┌──

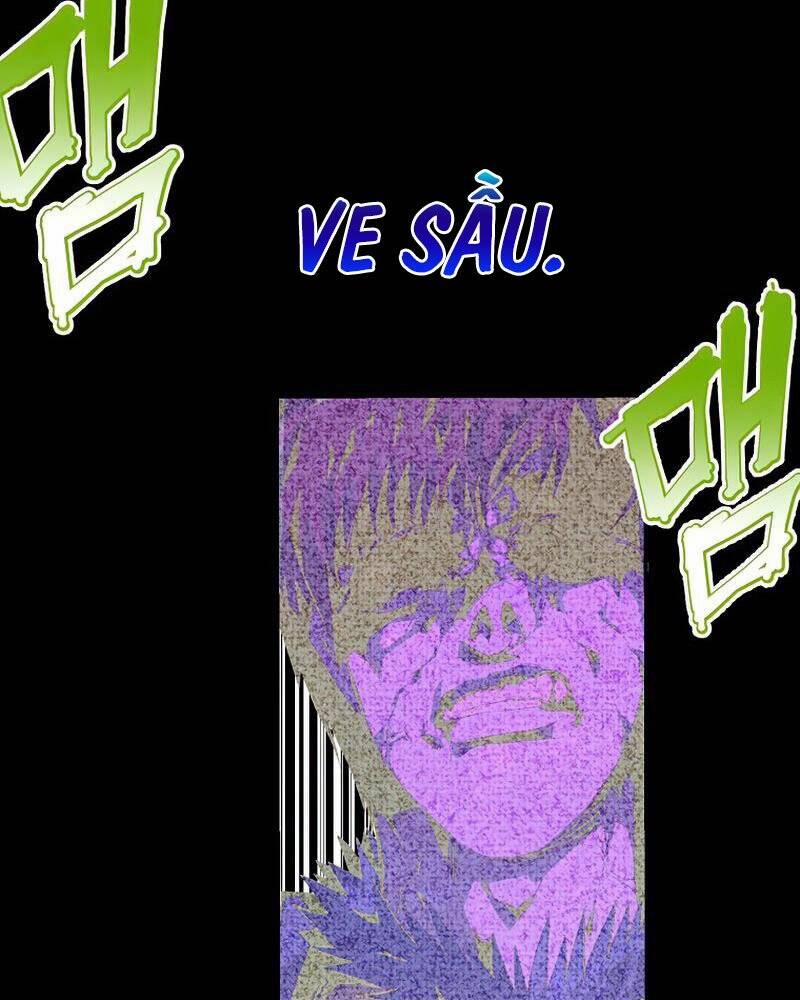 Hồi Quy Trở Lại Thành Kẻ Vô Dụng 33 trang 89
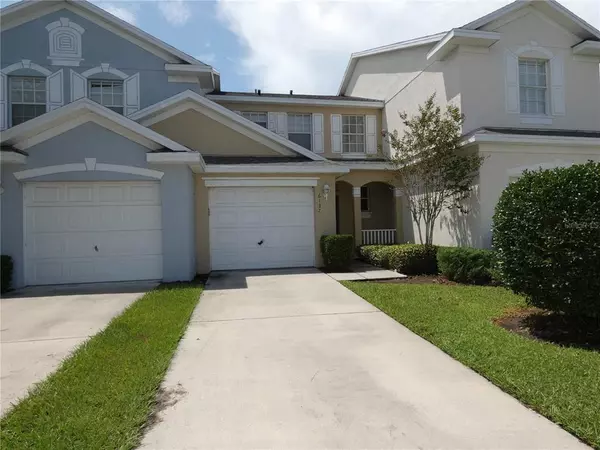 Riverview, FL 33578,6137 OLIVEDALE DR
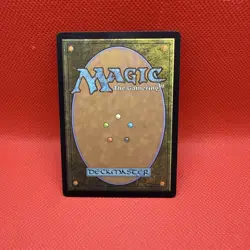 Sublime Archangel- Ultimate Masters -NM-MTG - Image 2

└──

**TASK REQUIREMENTS**. Please reprint the whole listing exactly and omit its pictures.

**RESPONSE TO THIS EXERCISE**.
 Hồi Quy Trở Lại Thành Kẻ Vô Dụng 33 trang 89
 Riverview, FL 33578,6137 OLIVEDALE DR
 Sublime Archangel- Ultimate Masters -NM-MTG - Image 2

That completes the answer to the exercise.